Kmeans Analysis on Bank Customer Data
Introduction: Clustering data is one of the most common ways data can be analyzed. It works best with numerical data, as it makes it easier for trends to be found and grouped together in clusters. The goal of the clusters is to determine the different groupings that can be found in a set of data. When I began looking for data to use, I found data on customers at banks and decided that it could be a cool topic to look into. I do not have much prior knowledge on bank data other than the data on a personal bank account and decided it would be interesting to see how Kmeans clusters people who use banks.
1. Question and Stakeholder
The question I came up with is: What are the underlying patterns in the customer groups that provide business to this bank? For this question, the stakeholders could be: The bank’s marketing and customer retention team are interested in understanding the factors contributing to customer groups to implement strategies for customer retention and reduce revenue loss. There are other groups of people that could be stakeholders, like the customers themselves, or people like me who are simply interested in studying trends at banks, however the stakeholders that would get the most significant use of this analysis would have to be the bank itself and the workers as described above.
2. Data Description
The dataset contains customer information from a bank and includes fields such as customer ID, gender, age, geography, credit score, and balance. This data is relevant to the question as it provides insights into customer demographics, financial behavior, and interactions with the bank’s services.
3. Data Collection
The data was obtained from Kaggle. Here is the link to the kaggle website: https://www.kaggle.com/datasets/divu2001/customer-churn-rate
I downloaded the csv file “Churn_Modelling.csv” which contained all the data I used in my code and analysis. Here is a snippet of the data when it was first loaded into my python file:
4. Data Cleaning
The data cleaning involved dropping irrelevant columns to the analysis, encoding a few categorical variables, and handling missing values if any. I removed the columns RowNumber, Surname, and Exited. Additionally I also set the index to CustomerId. For the encoding, I changed the gender so that Male is 0 and Female is 1. Also, I changed the geography so that France is 0, Spain is 1 and Germany is 2. By performing all of this data cleaning, we ensure that all the data used in the kMeans cluster analysis is numerical. Here is a snippet of the data after the cleaning:
5. Similarity Measurement
In this analysis, the Euclidean distance is used as a measure of similarity between data points. Features such as gender, age, geography, credit score, balance, tenure, numOfProducts, HasCrCard, isActiveMember and EstimatedSalary are used to calculate the distance between customers.
6. Selection of K
For determining the value of k, which represents the number of clusters used in the analysis, I decided to use the elbow method. The elbow graph shows the different values of K on the x-axis and the corresponding within cluster sum of square (WCSS) values on the y-axis. To determine the optimal k, one just has to look for the area of the graph where an elbow forms.The optimal K value is the point at which the graph forms an elbow In this case, K=10 was chosen based on the elbow method. To do this in python, I simply calculated the WCSS values and then created a plot, using the calculated values for the y-axis and the k values for the x axis. Here is a snippet of the graph that was created:
7. Cluster Interpretation
Following the elbow method’s recommendation, I used k=10 for the number of clusters. Here is the number count that resulted from using 10 clusters:
Each cluster seems to represent a group of customers with similar characteristics. First, here is the head of the data printed out, with the added column cluster:
Below are some takeaways I came away with when looking through the data. When reading through each takeaway, it is important to note that I found that not every single person in each cluster follows the exact pattern I listed. For example, in a cluster that tends to be female, there are still some males in that cluster as well.

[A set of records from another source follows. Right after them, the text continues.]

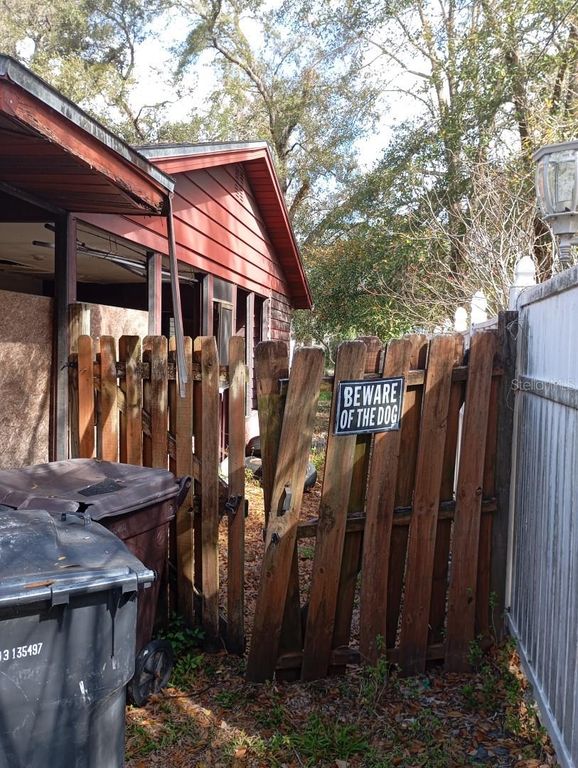 Image 28 of property listing at 2924 E 148TH AVENUE, Lutz, FL 33559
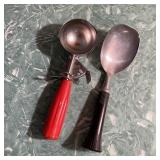 2 Vintage Scoops Red Handle is Wood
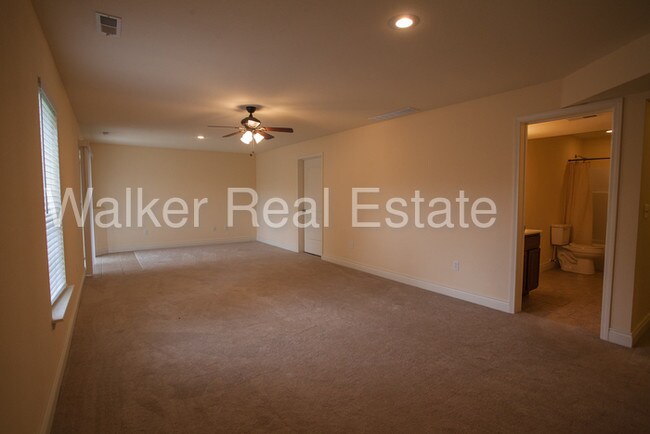 Building Photo - 123 Lakeview Ct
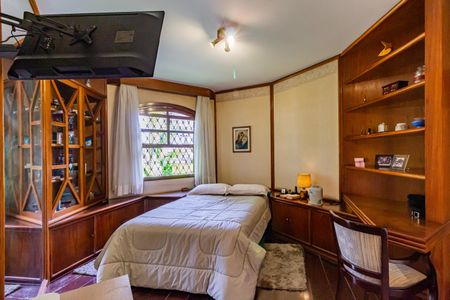 Casa para alugar com 236m², 4 quartos e 2 vagas Casa para alugar com 236m², 4 quartos e 2 vagasSuíte 1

Cluster Zero: Cluster zero tends to be people with the following characteristics: Females between the ages of 35–45 with medium credit scores, a high balance and a medium estimated salary.
Cluster One: Cluster one tends to be people with the following characteristics: Females between the ages of 35–45, from either France or Spain, with high credit scores, a high balance and a high estimated salary.

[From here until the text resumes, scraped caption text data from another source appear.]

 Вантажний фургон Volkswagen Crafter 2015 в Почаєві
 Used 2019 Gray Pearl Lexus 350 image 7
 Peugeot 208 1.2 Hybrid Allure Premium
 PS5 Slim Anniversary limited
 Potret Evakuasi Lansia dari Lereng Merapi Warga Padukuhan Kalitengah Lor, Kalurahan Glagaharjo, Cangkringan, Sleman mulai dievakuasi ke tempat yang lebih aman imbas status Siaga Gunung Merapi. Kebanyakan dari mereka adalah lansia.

Cluster Five: Cluster Five tends to be people with the following characteristics: Males with low balances, low credit scores and a medium estimated salary. The age did not seem to have a factor with this cluster as it was all over the place unlike clusters one and two.

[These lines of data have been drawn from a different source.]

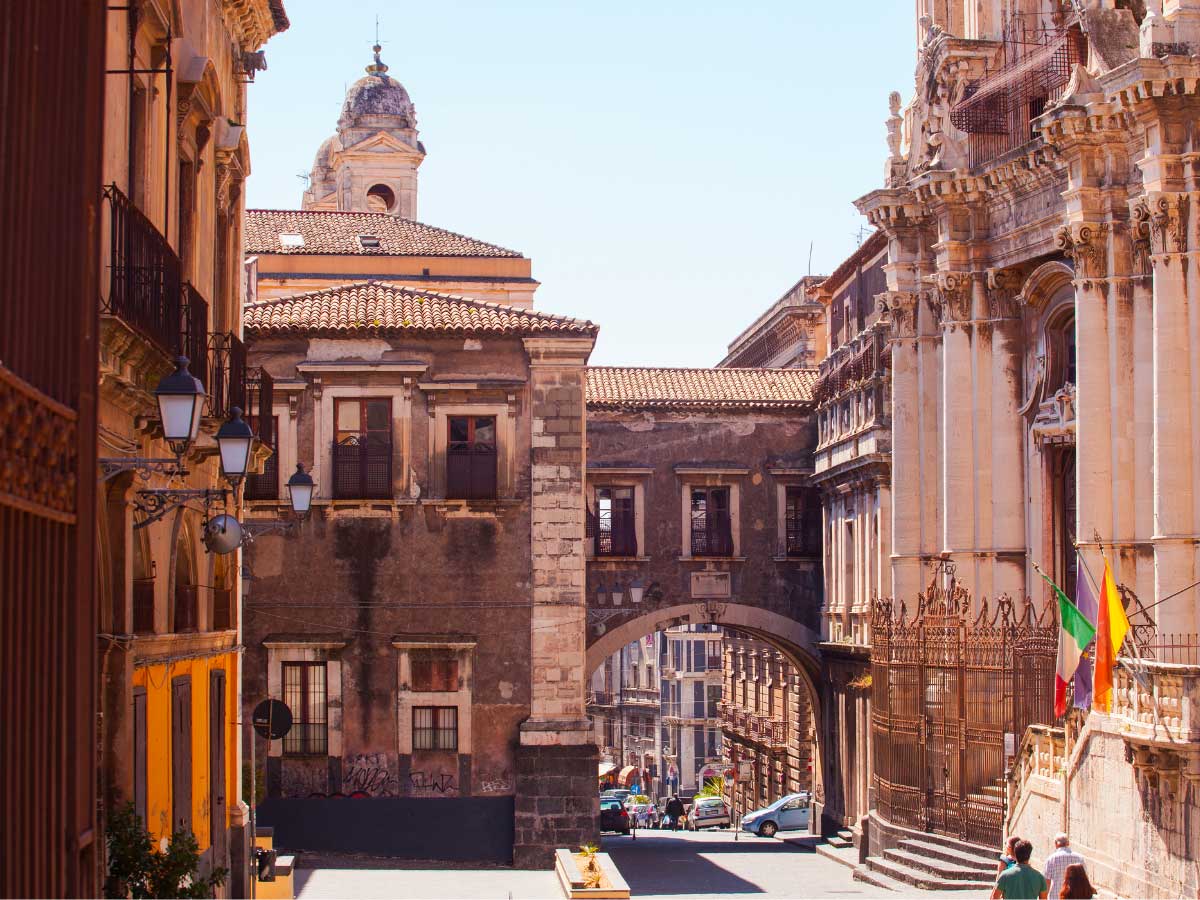 Via del centro a Catania 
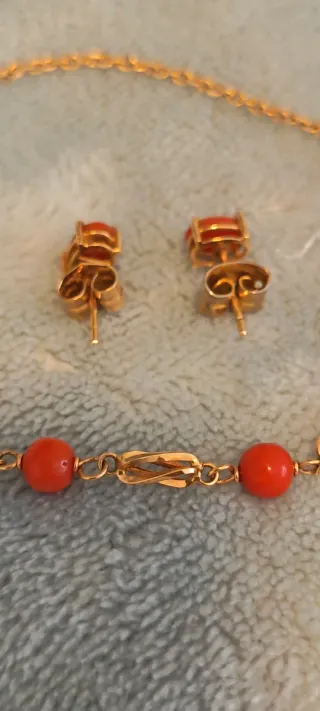 Pulsera y pendientes oro y coral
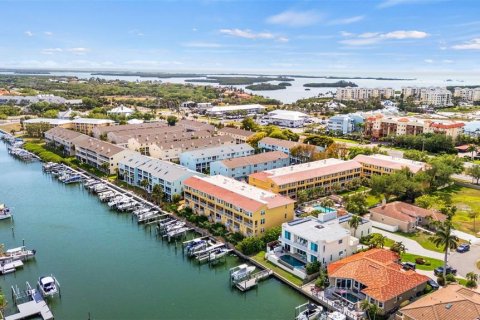 Townhouse in Saint Petersburg, Florida 3 bedrooms, 205.78 sq.m. № 2133984 - photo 7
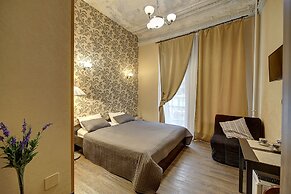 Guest Rooms at Marata Street 8-5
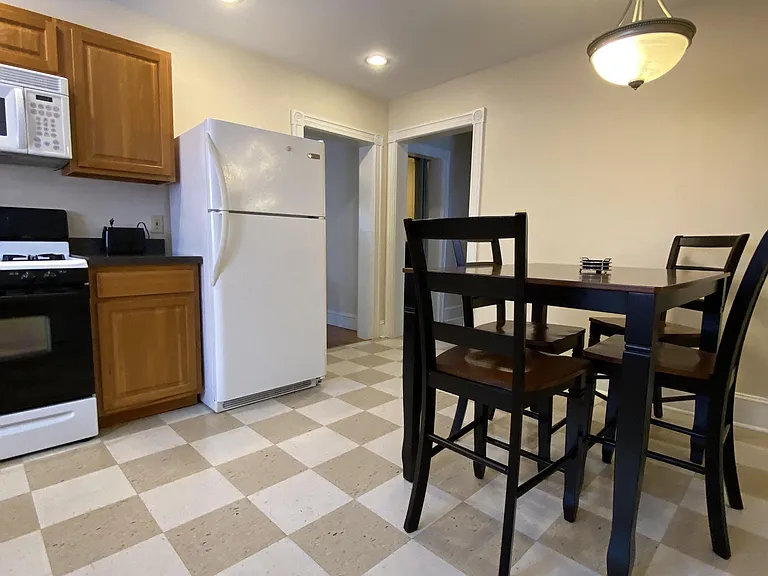 520 W 3rd St #1E — Photo 9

Cluster Six: Cluster Six tends to be people with the following characteristics: Males between the ages of 45–60, from Germany, a high balance, a medium credit score and a medium estimated salary.
These are just examples of a few of the connection features between a few of the clusters. If you would like to see the connections for every cluster, go look at the output in the python code and change the value in the head function to print out as many customers as you want to see.
8. Answer to the Question
The analysis reveals that each cluster group has distinct features and attributes that connect them together. However, even though the elbow method suggested 10 clusters, it seems that there is also some overlap between some of the groups. For example, both clusters zero and one tend to be females between the age of 35–45. No two groups are the exact same though, as the other characteristics for clusters zero and one separate the clusters from each other. By understanding these differences, the bank can tailor marketing strategies and customer retention programs to address the needs of different customer groups and therefore reduce churn rates.
9. Limitations
Here is a list of some limitations of the analysis.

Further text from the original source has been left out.